Here's something perfect for a “pantry supper”, the kind you make quickly from ingredients on your shelf when you’ve come home from a long day trip and have little fresh food in the kitchen and not enough energy to go shopping. Here in Canada tinned salmon is very inexpensive and of excellent quality. When we lived in Washington, DC it cost more and tended to be of an inferior type. Not sure why.
Salmon Cakes
213g tin of salmon,
drained, then flaked and the bones crushed with the tines of a fork
¼ c cornmeal (or
unbleached flour, if that is all you have)
1 egg
1 tbsp olive oil
optional add-ins: 1
tbsp chopped onion and/or 1 tbsp chopped green pepper
Mix the flaked salmon with
the cornmeal, then add the egg. Mix well, then form 2 patties with your hands.
Heat the oil over medium heat, then add the patties and sauté for 5-7
minutes each side until golden and crispy.
Thanks to everyone who purchased "Wakefield Redux" in conjunction with Elann's sale of Sierra Aran yarn packs, my January pattern sales are through the roof! Hope you enjoy making and wearing the cardigan and, of course, if you have any problems, questions, or suggestions, don't hesitate to contact me through Ravelry. I've been living in my version this winter; it's my current fave.
Finally, here's what I do with my leftovers--the yarn leftovers, not the edible ones.

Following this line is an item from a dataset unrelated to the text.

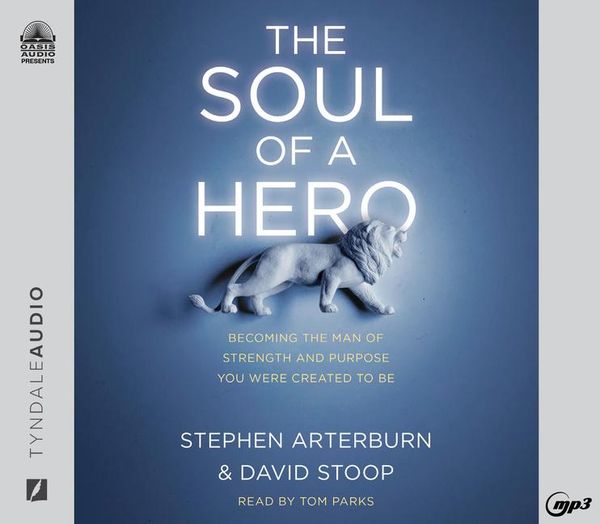 Produktbild: The Soul of a Hero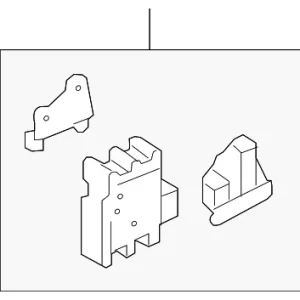 Actuator - Mazda (BBM5-61-A70)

These are the leftover yarn bits from projects I've knitted in the last 3 years. They're in a large ziplock bag, which I sat on to squish out the air preparatory to packing for the move. It's a good idea to keep these hanging around, even if they do take up stash space, because inevitably something will require a little repair due to a moth hole, a torn snag, a worn elbow--you get the picture. Perhaps some day they're morph into a little afghan after their usefulness has passed.